From Janet





Dear Alice,

A late-night infomercial promises miracles of weight loss as I load the dishwasher with regrets and the remnants of another dinner eaten alone.

A dirty salad bowl witnesses my testimony about my mistakes, greasy silverware listens to me confess how I fucked everything up. I try to fit my carelessness next to a pot crusted with spaghetti sauce, then pile the things I gave up on on top of my sticky plate.

I gently place a broken promise next to my lone wine glass in the top rack. I fill the compartment with dish detergent, close the door and push the start button.

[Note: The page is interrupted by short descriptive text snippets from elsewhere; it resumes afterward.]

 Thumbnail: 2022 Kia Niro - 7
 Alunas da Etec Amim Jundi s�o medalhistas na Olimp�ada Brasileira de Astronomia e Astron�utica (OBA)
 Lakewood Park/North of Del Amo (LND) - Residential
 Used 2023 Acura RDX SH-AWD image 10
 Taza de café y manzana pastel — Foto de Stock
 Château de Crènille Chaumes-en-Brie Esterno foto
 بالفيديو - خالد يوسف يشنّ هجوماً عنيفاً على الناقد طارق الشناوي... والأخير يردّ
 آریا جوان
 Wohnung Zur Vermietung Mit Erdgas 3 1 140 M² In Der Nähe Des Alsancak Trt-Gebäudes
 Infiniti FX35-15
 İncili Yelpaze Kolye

I'm alone. The dishwasher noise obscures assurances coming from the next room - pounds miraculously melting away...





Dear Kate,

In my dream, I'm reading a letter from myself: "Was it an easy thing to do? Was what you gained worth what you lost?" It's like a form - a series of questions with boxes underneath to fill in my answers. "Is the upset that you caused loved ones something that keeps you up at night? Check box for 'yes' or 'no'".

Awake again, a faded photograph has fallen from my hand to the worn carpet. I pour another glass of tequila.

It's an uphill battle, isn't it? Finding a path around your mistakes, without ever admitting to any of them?

-Janet, Near Elkton


More Postcards from Janet



Dear Alice,

That guitar player up on the stage knows things about me. Out loud, he sings songs about snow falling on a Vermont landscape, but when I catch his eye (which is surprisingly easy to do), I can see that he knows all kinds of truths about me. "I know why you're wearing that outfit," his eyes say to me alone. Other people hear metaphors about heavy snow bending white pine branches, but the words that go into my ear are "don't kid yourself into thinking that your obsessions are important". The chorus (that seems like it repeats a dozen times, and will linger in my head in the weeks to come) keeps singing, "you went and threw it all away just because you couldn't handle it?"





Dear Alice,

All those pretty people in their pretty clothes - they all waltz past me without making eye contact.

But they see. They know.

They're good at pretending not to notice me, but really, they're doing whatever they have to do to maintain a safe distance.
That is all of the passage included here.